Known lead. Once you’ve raised at least 15 – 25 percent of your round, it’s time to go after the big-kahuna:  A person who is widely recognized as one of the foremost experts in your field, willing to put their money and reputation on the line. This could be the CEO of a company in an area related to yours, a high-profile professor of entrepreneurship, a venture capitalist investing their personal funds on the side, someone in a leadership position at an angel network, or a super-angel like Ron Conway who has made investments in over 75 startups. This person’s involvement will put a stamp of approval on both your startup, and the deal you are pitching (no more questions about valuation after this person invests).

Angel networks. Angel networks, like New York Angels, the Band of Angels, or Common Angels, are getting more and more sophisticated in the way they assess and negotiate investment opportunities. They are tough nuts to crack, but you’ll vastly improve your chances if you have a good amount of your round raised, and a known lead involved. The beauty of the angel networks is that when you pitch them, you’ll get in front of a dozen or more people, each with a big checkbook. If you get one to bite, you’ll likely get others, and you may even be able to close your entire round.

Fillers. If you are just a bit short of closing your round, don’t give up. You’ve already done the toughest part, so get the round completed (or even over-subscribed, meaning you raise more than your target). At this point, broaden your reach to include trust-funders, investment bankers, hedge fund moguls, and others with ample means.
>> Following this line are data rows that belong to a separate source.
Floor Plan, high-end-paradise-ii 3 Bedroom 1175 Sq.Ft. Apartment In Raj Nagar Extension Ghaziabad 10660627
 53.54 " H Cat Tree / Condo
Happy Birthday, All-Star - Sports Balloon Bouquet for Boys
What tactics have helped you raise angel capital? Please share comments…

4 things to consider before you ride on the wings of angels

May 5, 2010

Before you seek financing from angel investors or angel networks, make sure the fit is right. If you or one of your co-founders has built a business before, sold it, and made profits for your investors, you can probably break the rules. Otherwise, take note of the following guidelines:

1.) What stage are you at? In general, your chances of raising angel funding are much greater if you’ve already got a product developed. It doesn’t have to be full-blown, but the most critical features should be operational. Get that product created any way you can – with financing from your savings, your credit cards, or from friends and family, by giving away equity to partners, by bartering for services – whatever it takes. Just have it up and running.

2.) What’s the money for? As per the paragraph above, many angels are reluctant to spend money to help you build your site. They’d rather see you put their money towards proving customers want your product. Use angel money to find out what percentage of people who see your product use it, pay for it, stick with it, and tell friends about it. Have quantifiable targets in mind, and measure your results.

3.) How much do you need?  An angel round is typically between $100,000 and $750,000, and individual angels tend to write checks for $25,000 to $100,000 each. Looking for less? Go back to friends, family, savings, etc. Looking for more? Either find a way to make do with less, or take a shot at raising venture capital.

4.) What’s your exit strategy? Your rich Uncle may invest because he loves you, but angels have other goals in mind. Yes, many angels get off on helping to create new business, but for the most part they are economic animals. They want a return on their investments. How and when will you turn their $25,000 into a much bigger amount of cash? You can’t know for sure, but have a reasonable hypothesis in mind before you pitch.